Though Ride was an iconic female scientist who earned her doctorate in physics, just like so many other youngsters, she did hit some academic road bumps when she was growing up. In a 2006 interview with USA Today, Ride revealed her weakest subject in school: a seventh-grade home economics class that all girls had to take. As Ride put it, "Can you imagine having to cook and eat tuna casserole at 8 a.m.?"

4. Sally Ride had a strong tie to the Challenger.

Ride’s two space flights were aboard the doomed shuttle Challenger, and she was eight months deep into her training program for a third flight aboard the shuttle when it tragically exploded in 1986. Ride learned of that disaster at the worst possible time: she was on a plane when the pilot announced the news.

Ride later told AARP the Magazine that when she heard the midflight announcement, she got out her NASA badge and went to the cockpit so she could listen to radio reports about the fallen shuttle. The disaster meant that Ride wouldn’t make it back into space, but the personal toll was tough to swallow, too. Four of the lost members of Challenger’s crew had been in Ride’s astronaut training class.

5. Sally Ride had no interest in cashing in on her worldwide fame.

A 2003 profile in The New York Times called Ride one of the most famous women on Earth after her two space flights, and it was hard to argue with that statement. Ride could easily have cashed in on the slew of endorsements, movie deals, and ghostwritten book offers that came her way, but she passed on most opportunities to turn a quick buck.

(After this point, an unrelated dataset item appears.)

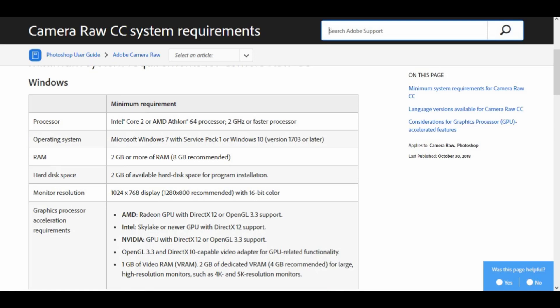Graphics processor acceleration requirements. AMD Radeon GPU with DX12 or OpenGL 3.3 support. Intel Skylake or newer GPU with DX12 support. NVIDIA GPU with DX12 or OpenGL 3.3 support. OpenGL 3.3 and DX10 capable video adapter for GPU-related functionality. 1GB of video RAM (VRAM).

Ride later made a few forays into publishing and endorsements, though. She wrote or co-wrote more than a half-dozen children’s books on scientific themes, including To Space and Back, and in 2009 she appeared in a print ad for Louis Vuitton. Even appearing in an ad wasn’t an effort to pad her bank account, though; the ad featured an Annie Leibovitz photo of Ride with fellow astronauts Buzz Aldrin and Jim Lovell gazing at the moon and stars. According to a spokesperson, all three astronauts donated a “significant portion” of their modeling fees to Al Gore’s Climate Project.

6. Sally Ride was the first openly LGBTQ astronaut.

Ride passed away on July 23, 2012, at the age of 61, following a long (and very private) battle with pancreatic cancer. While Ride's brief marriage to fellow astronaut Steve Hawley was widely known to the public (they were married from 1982 to 1987), it wasn't until her death that Ride's longtime relationship with Tam O'Shaughnessy—a childhood friend and science writer—was made public. Which meant that even in death, Ride was still changing the world, as she is the world's first openly LGBTQ astronaut.